> Short descriptive text snippets
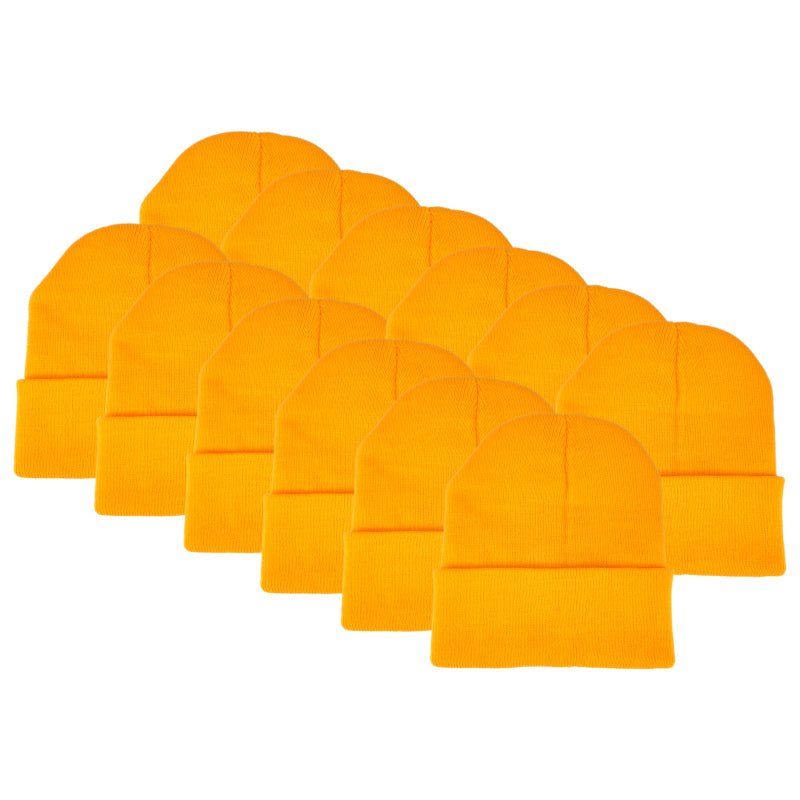 Yellow Unisex Cuffed Knit Winter Beanie, 1ct to 12ct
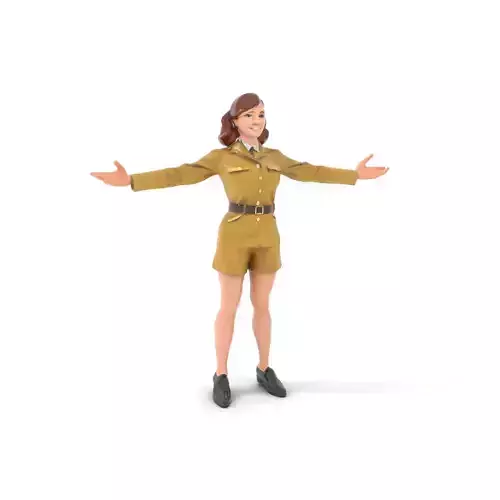 Animated D Female Soldier Model Rigged and Animated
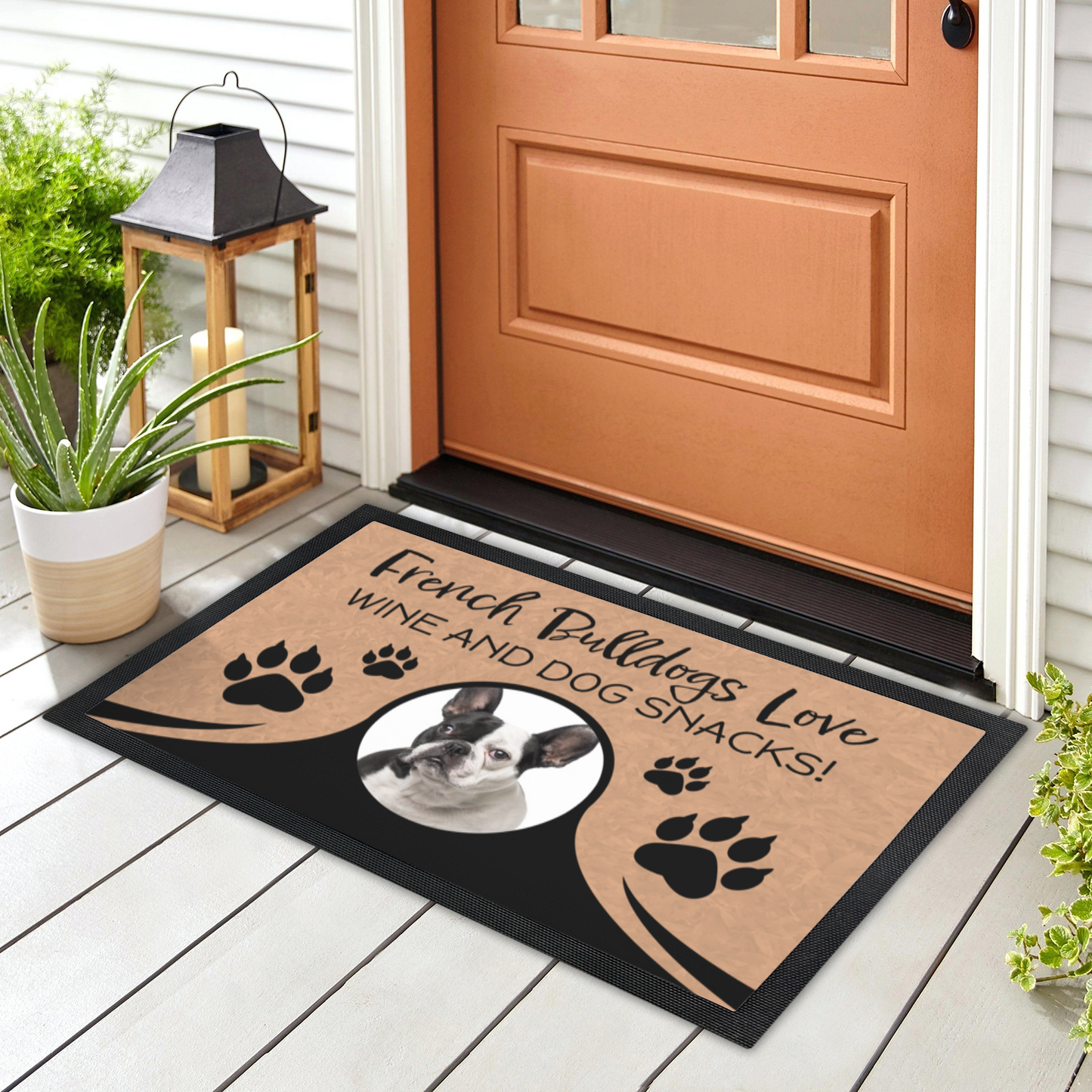 French Bulldogs Love Wine & Dog Snacks Personalized Doormat With Photo Upload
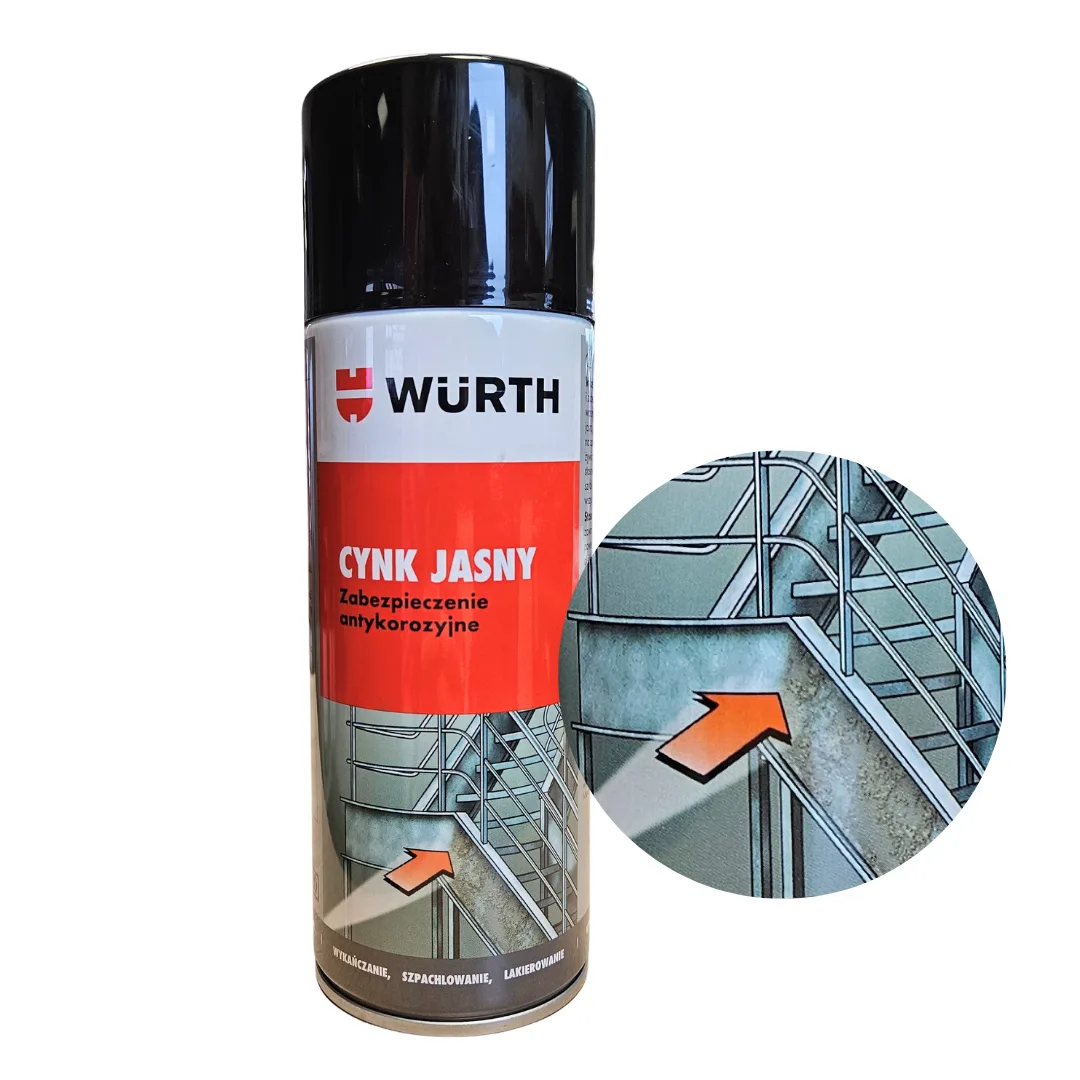 Cynk jasny 400ml WURTH - zestaw 3 szt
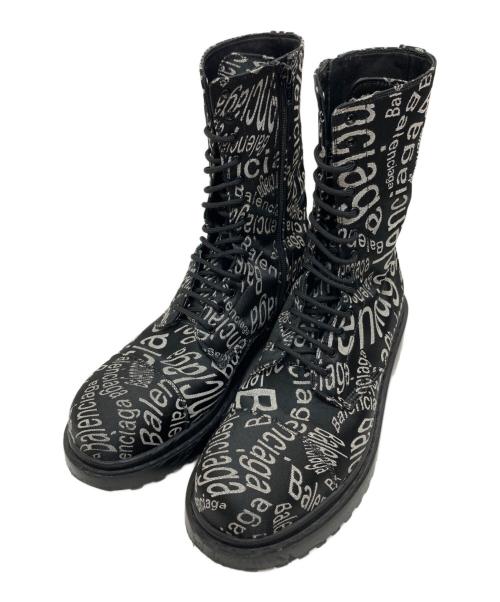 BALENCIAGA（バレンシアガ）BALENCIAGA (バレンシアガ) WAVE LOGO COMBAT BOOT/ウェーブロゴコンバットブーツ ブラック サイズ:SIZE 41の古着・服飾アイテム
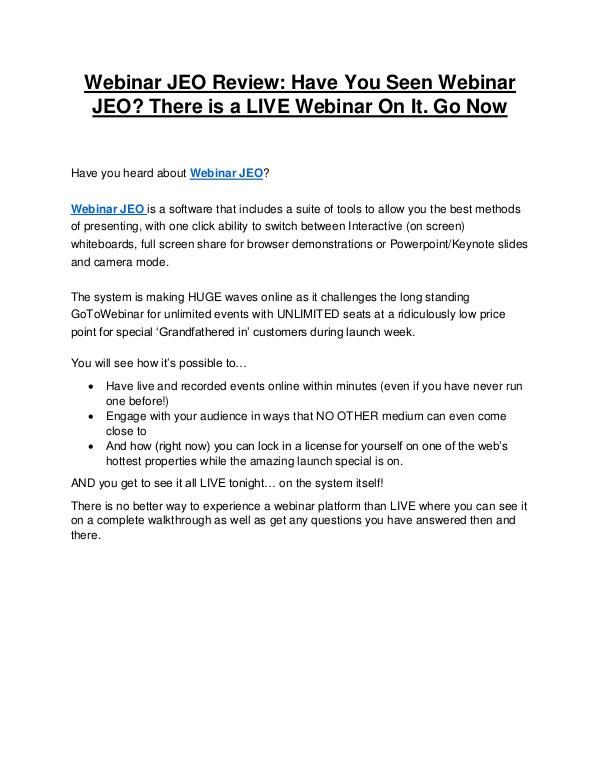 Webinar JEO review & bonus - I was Shocked! Webinar JEO Review and Premium $14,700 Bonus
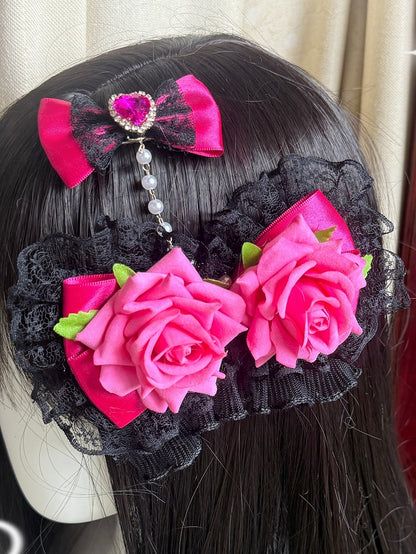 Two Pink&Black Floral Design Lace Trim Bead Chain Bowknot Hairclips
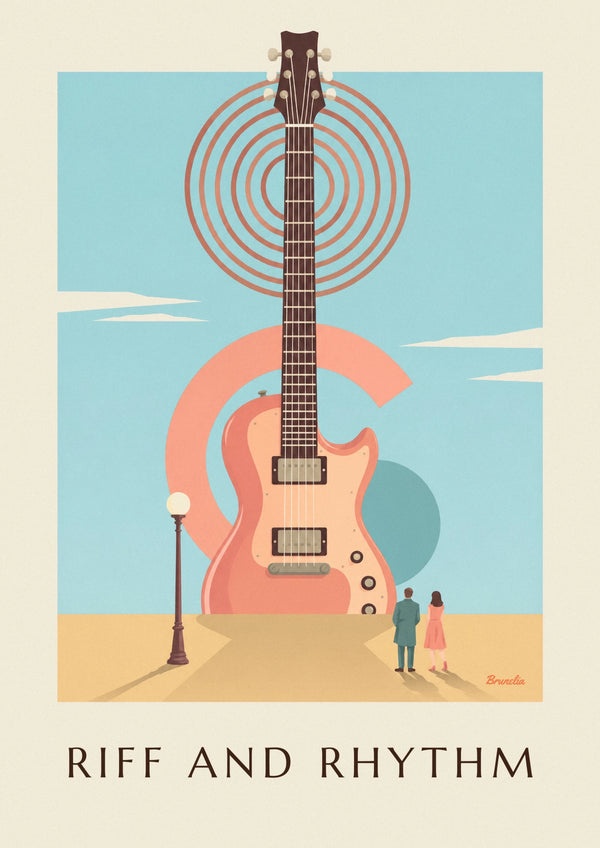Electric guitar and geometric shapes poster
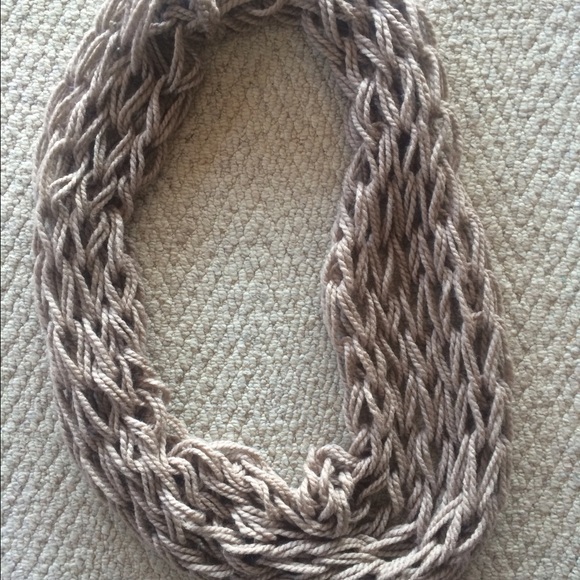 Khaki colored homemade infinity scarf! - Picture 1 of 2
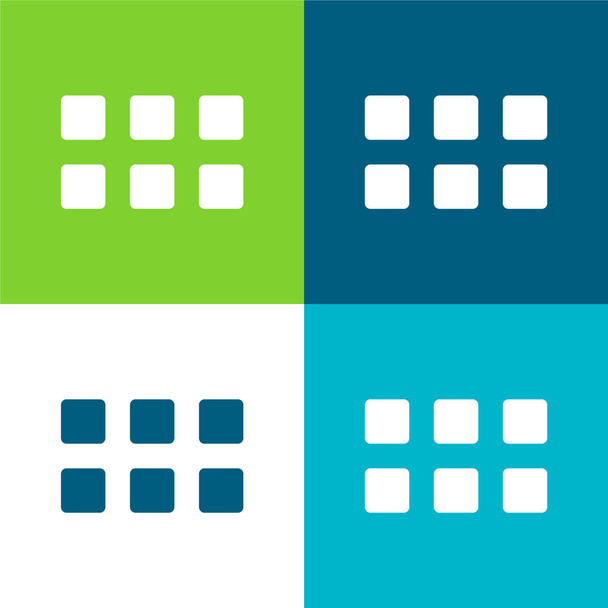 App Flat vier kleuren minimale pictogram set - Vector, afbeelding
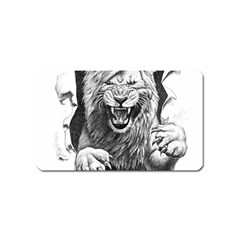 Drawing Angry Male Lion Roar Animal Magnet (name Card) by danenraven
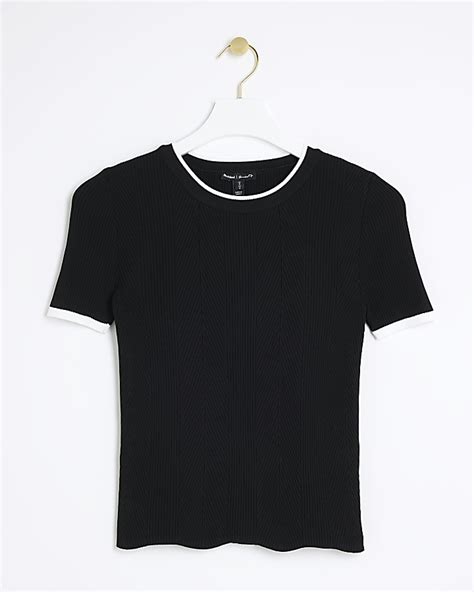 Black Ribbed Knit T Shirt River Island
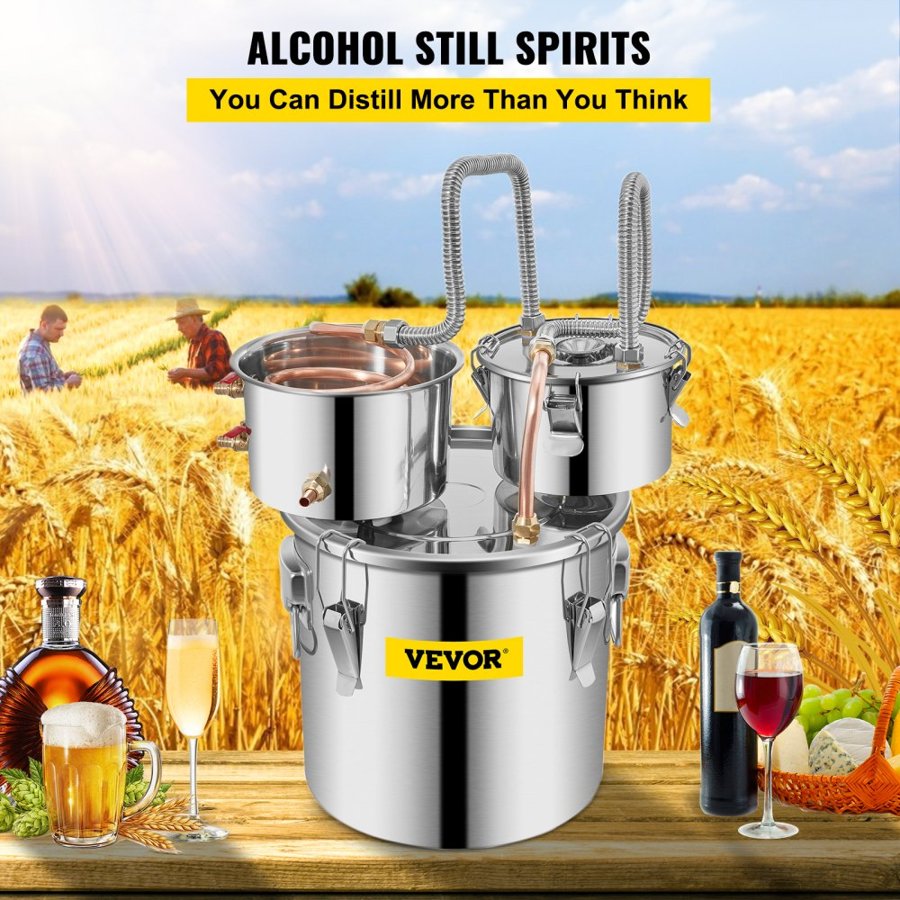 VEVOR Still Distiller 3Gal 12L Stainless Steel Water Distiller Copper Tube with Circulating Pump Home Brewing Kit Build-in Thermometer for DIY Whisky Wine Brandy Spirits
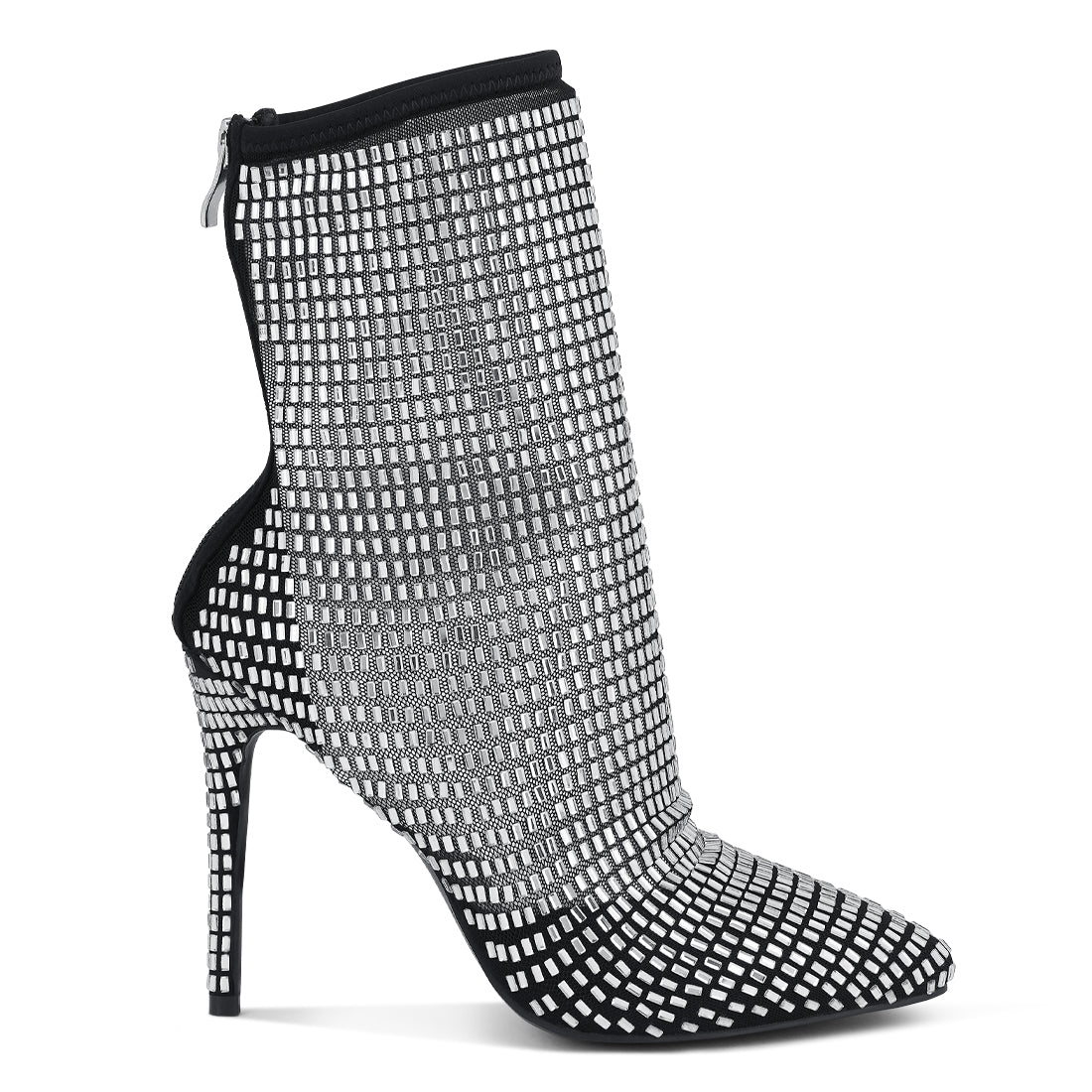 rhinestones embellished mesh boots#color_black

> Exercise details
Reproduce all the records verbatim, excluding images.

> Answer for the task
 Yellow Unisex Cuffed Knit Winter Beanie, 1ct to 12ct
 Animated D Female Soldier Model Rigged and Animated
 French Bulldogs Love Wine & Dog Snacks Personalized Doormat With Photo Upload
 Cynk jasny 400ml WURTH - zestaw 3 szt
 BALENCIAGA（バレンシアガ）BALENCIAGA (バレンシアガ) WAVE LOGO COMBAT BOOT/ウェーブロゴコンバットブーツ ブラック サイズ:SIZE 41の古着・服飾アイテム
 Webinar JEO review & bonus - I was Shocked! Webinar JEO Review and Premium $14,700 Bonus
 Two Pink&Black Floral Design Lace Trim Bead Chain Bowknot Hairclips
Electric guitar and geometric shapes poster
 Khaki colored homemade infinity scarf! - Picture 1 of 2
 App Flat vier kleuren minimale pictogram set - Vector, afbeelding
 Drawing Angry Male Lion Roar Animal Magnet (name Card) by danenraven
 Black Ribbed Knit T Shirt River Island
 VEVOR Still Distiller 3Gal 12L Stainless Steel Water Distiller Copper Tube with Circulating Pump Home Brewing Kit Build-in Thermometer for DIY Whisky Wine Brandy Spirits
 rhinestones embellished mesh boots#color_black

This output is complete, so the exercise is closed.